What is Batcher?
The Batcher class defines how mutiple requests from users are merged into a batch request, and how the batch response is splitted into multiple responses for users. It exposes two interface functions for developers to implement their own batcher that fits a specific scenario.
batch. Merge multiple requests into a batch request, and attach a context object for unbatching.
unbatch. Split a batch response into multiple responses, with the help of the context object.
Built-in Batchers
The following built-in batchers are provided in batch_inference.batcher module. Both numpy.ndarry and torch.Tensor are supported as input date types.
ConcatBatcher. Simply concatenate multiple requests into a single batch request.
SeqBatcher. Pad sequences of different lengths with padding tokens before concatenation.
BucketSeqBatcher. Group sequences of similar lengths, pad them with padding tokens and then concatenate.
Implement Customized Batcher
The following example shows how to implement a customized batcher. The batcher merges multiple requests into a single batch request, and splits the batch response into multiple responses.
# Copyright (c) Microsoft Corporation.

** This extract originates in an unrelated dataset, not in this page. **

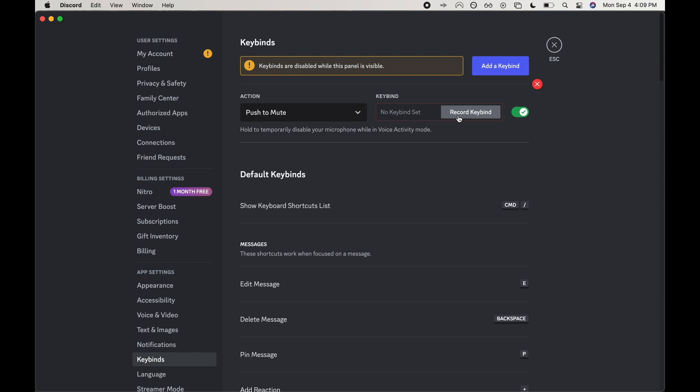I'm going to have it be command D, so I'm going to record the keybind command D.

All rights reserved.
# Licensed under the MIT License.
from typing import Any, List, Tuple
import numpy as np
from batch_inference import ModelHost
from batch_inference.batcher import Batcher
class MyModel:
def __init__(self):
self.op = np.matmul
# x.shape: [batch_size, m, k], y.shape: [batch_size, k, n]

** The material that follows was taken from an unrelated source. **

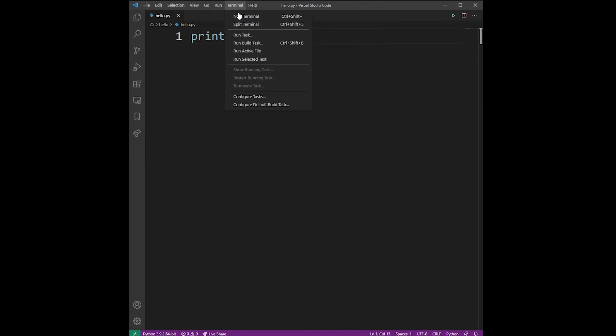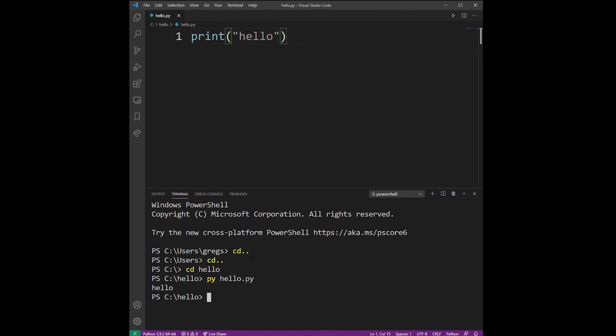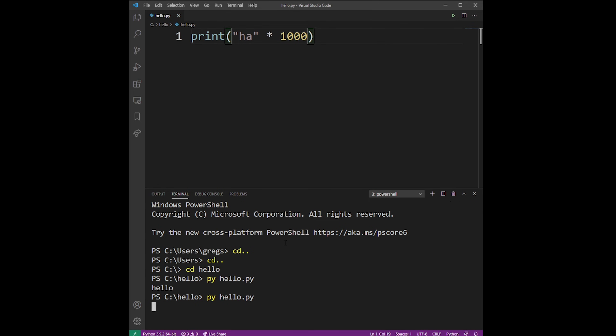Now go to Terminal on the menu and click New Terminal. Use the cd command to go into the c slash hello or whatever project folder you have. Type py hello.py and hit enter, and there you have it. You've now just run your first Python program in VS Code.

def predict_batch(self, x, y):
res = self.op(x, y)
return res
class MyBatcher(Batcher):
def __init__(self):
super().__init__()
def batch(self, requests: List[Tuple[np.ndarray]]):
"""Batch n requests into 1 batched request
Args:
requests: [(x, y)], each request is a (x, y) from predict method
Returns:
batched requests: (x_batched, y_batched) for predict_batch method
context for unbatch: List[int], the batch sizes of each original (x, y)
"""
x_batched = np.concatenate([item[0] for item in requests], axis=0)

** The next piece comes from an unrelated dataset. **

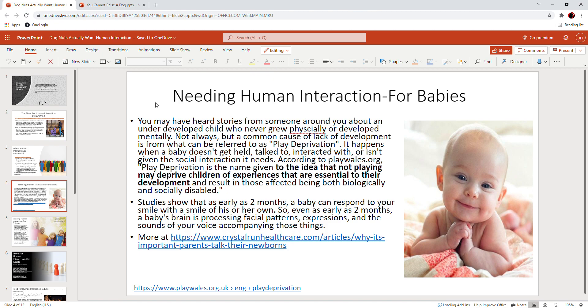But to take a child and just stick them in their crib and leave them all day, feed them and do the absolute bare minimum so that they survive, this is what happens. They don't get the social interaction that they need, and play deprivation is the name given to the idea that not playing may deprive children of experiences that are essential to their development and result in those affected being both biologically and socially disabled.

y_batched = np.concatenate([item[1] for item in requests], axis=0)
batch_sizes = [item[0].shape[0] for item in requests]
return (x_batched, y_batched), batch_sizes
def unbatch(
self,
batched_response: np.ndarray,
unbatch_ctx: List[int],
):
"""Unbatch 1 batched response into n responses
Args:
batched_responses: batched_res from predict_batch method,
batched_res=batched_x * batched_y
unbatch_ctx: batch_sizes of n original requests
Returns:
responses: [res1, res2, ...], each res will be returned by predict method,
res=x * y
"""
batch_sizes = unbatch_ctx
responses = []
start = 0
for n in batch_sizes:
responses.append(batched_response[start : start + n])
start += n
return responses
model_host = ModelHost(
MyModel,
batcher=MyBatcher(),
max_batch_size=32,
)()
The MultiBatcher Class
In most cases, we merge multiple requests from users into a single batch request. ConcatBatcher and SeqBatcher are examples of this.
Sometimes, we want to group multiple requests first and then merged requests in each group into a batch request. In this case, the Batcher should inherits the batcher.MultiBatcher class instead of batche.Batcher. BucketSeqBatcher is an example of this.